Task goal - In the records below, the line with "P606720 Engine Air" opens the range and the line with "CafeDeLeche_Community_Goddard10" closes it; print that range exactly and nothing else.

Data to use -
[Start of section]
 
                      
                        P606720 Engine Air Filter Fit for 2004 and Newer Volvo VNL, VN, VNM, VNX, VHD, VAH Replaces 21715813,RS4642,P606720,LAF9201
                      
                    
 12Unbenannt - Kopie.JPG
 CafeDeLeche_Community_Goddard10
[End of section]
[Start of section]
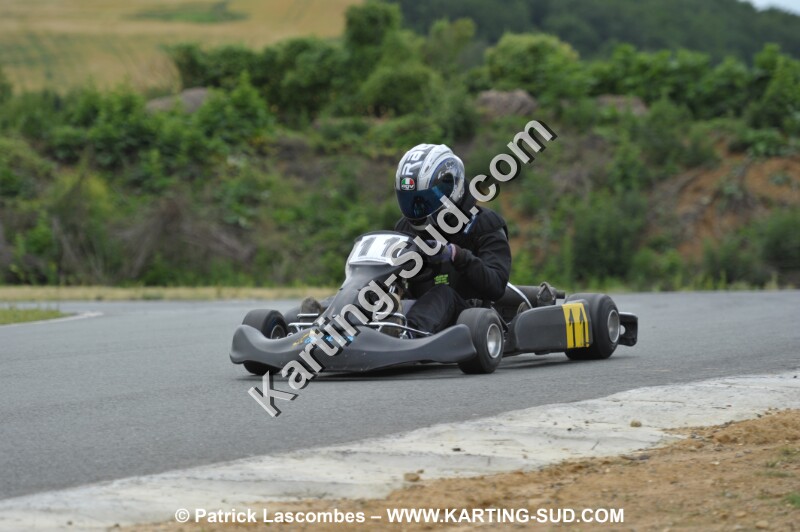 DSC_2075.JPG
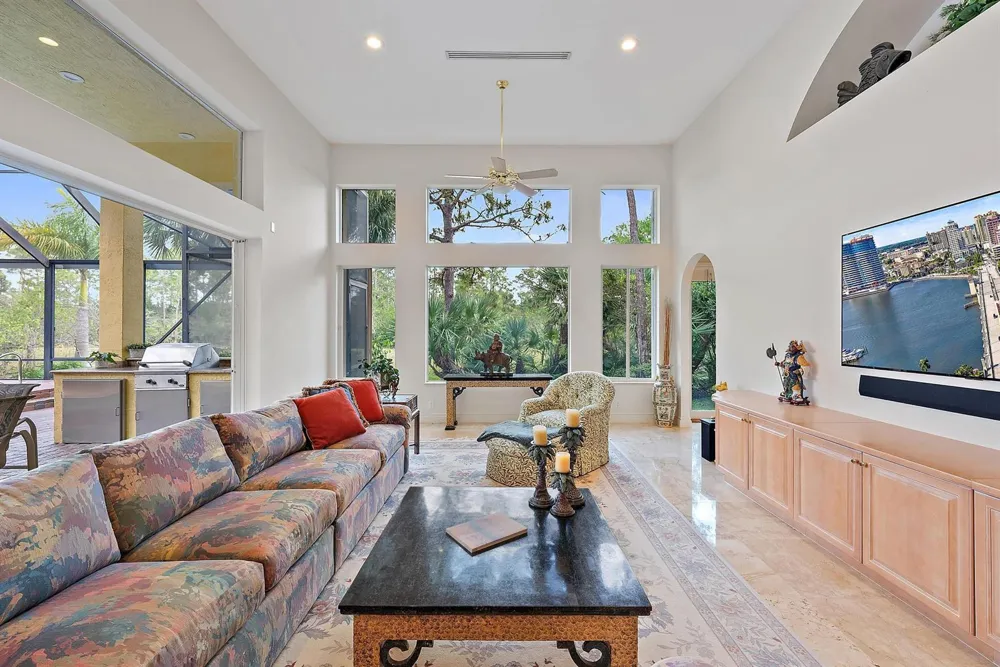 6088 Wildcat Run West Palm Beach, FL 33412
[End of section]
[Start of section]
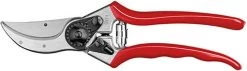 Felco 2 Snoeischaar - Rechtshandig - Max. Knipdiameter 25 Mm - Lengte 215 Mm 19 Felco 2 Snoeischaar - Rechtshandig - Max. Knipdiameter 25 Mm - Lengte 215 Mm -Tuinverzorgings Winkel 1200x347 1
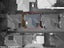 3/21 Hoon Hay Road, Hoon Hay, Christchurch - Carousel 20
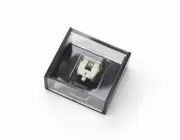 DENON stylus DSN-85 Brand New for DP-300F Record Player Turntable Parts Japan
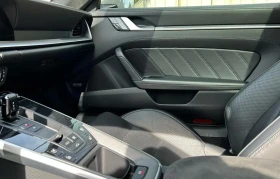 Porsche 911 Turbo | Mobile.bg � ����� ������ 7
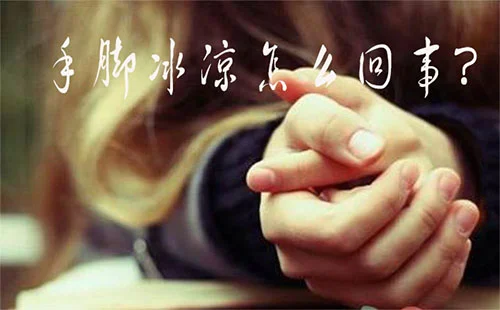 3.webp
[End of section]
Answer to this task -
                        P606720 Engine Air Filter Fit for 2004 and Newer Volvo VNL, VN, VNM, VNX, VHD, VAH Replaces 21715813,RS4642,P606720,LAF9201
                      
                    
 12Unbenannt - Kopie.JPG
 CafeDeLeche_Community_Goddard10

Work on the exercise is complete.